## Measuring boundary length

Oftentimes we segment an image to find objects of interest, and then measure these objects — their area, their perimeter, their aspect ratio, etc. etc. Measuring the area is accomplished simply by counting the number of pixels. But measuring the perimeter is not as simple. If we simply count the number of boundary pixels we seriously underestimate the boundary length. This is just not a good method. A method only slightly more complex can produce an unbiased estimate of boundary length. I will show how this method works in this post. There exist several much more complex methods, that can further improve this estimate under certain assumptions. However, these are too complex to be any fun. I’ll leave those as an exercise to the reader. ðŸ™‚

Because we will examine only the boundary of the object, the chain code representation is the ideal one. What this does, is encode the boundary of the object as a sequence of steps, from pixel to pixel, all around the object. We thus reduce the binary image to a simple sequence of numbers. In future posts I’ll explain a simple algorithm to obtain such a chain code, and show how to use chain codes to obtain other measures. In this post we’ll focus on how to use them to measure boundary length.
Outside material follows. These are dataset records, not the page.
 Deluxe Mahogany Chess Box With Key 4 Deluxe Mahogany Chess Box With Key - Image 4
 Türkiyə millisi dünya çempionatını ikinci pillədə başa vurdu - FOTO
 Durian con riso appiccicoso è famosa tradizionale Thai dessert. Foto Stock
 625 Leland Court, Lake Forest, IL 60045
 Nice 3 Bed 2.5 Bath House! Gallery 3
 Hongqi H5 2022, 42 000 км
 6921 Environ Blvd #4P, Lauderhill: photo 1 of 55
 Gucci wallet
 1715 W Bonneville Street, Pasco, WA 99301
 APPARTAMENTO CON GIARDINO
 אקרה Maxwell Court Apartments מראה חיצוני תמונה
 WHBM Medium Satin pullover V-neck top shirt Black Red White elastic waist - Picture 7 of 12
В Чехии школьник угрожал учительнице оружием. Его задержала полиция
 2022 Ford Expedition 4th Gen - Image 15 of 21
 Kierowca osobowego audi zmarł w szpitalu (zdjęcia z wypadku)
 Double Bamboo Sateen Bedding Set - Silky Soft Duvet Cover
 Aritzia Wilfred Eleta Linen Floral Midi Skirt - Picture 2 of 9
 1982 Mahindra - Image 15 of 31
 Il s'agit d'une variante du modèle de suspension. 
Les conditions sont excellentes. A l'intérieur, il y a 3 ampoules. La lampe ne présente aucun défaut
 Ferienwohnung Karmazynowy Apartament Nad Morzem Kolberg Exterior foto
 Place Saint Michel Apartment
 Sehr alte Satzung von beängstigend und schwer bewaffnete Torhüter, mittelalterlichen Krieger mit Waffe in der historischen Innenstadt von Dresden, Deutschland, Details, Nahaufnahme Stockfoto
The *chain code* was first proposed by H. Freeman (IRE Transactions on Electronic Computers 10(2):260-268, 1961), and therefore sometimes referred to as *Freeman code* or *Freeman chain code*. A chain code simply gives the steps necessary to walk along all the pixels on an object’s boundary, starting at a random one. Instead of saying “move left”, “move diagonally up and right”, etc., it says simply “4”, “1”, etc. The interpretation of the numbers is trivially explained with a figure:

Because we use the chain code to describe an object’s boundary, we will always end up in the same pixel we started: the boundary is closed. The direction in which we walk is not important, though we will consistently walk clock-wise around the shape. The sequence `[0,1,2,7,0,6,5,7,1,0,0,1]` encodes a portion of a boundary as follows:

Using DIPimage, the chain code is obtained with the function `dip_imagechaincode`. It takes a labeled image, a connectivity value (set this to 2!) and the label ID of the object to get the chain code for. For example:

img = label(threshold(gaussf(gaussf))); cc = dip_imagechaincode(img,2,1)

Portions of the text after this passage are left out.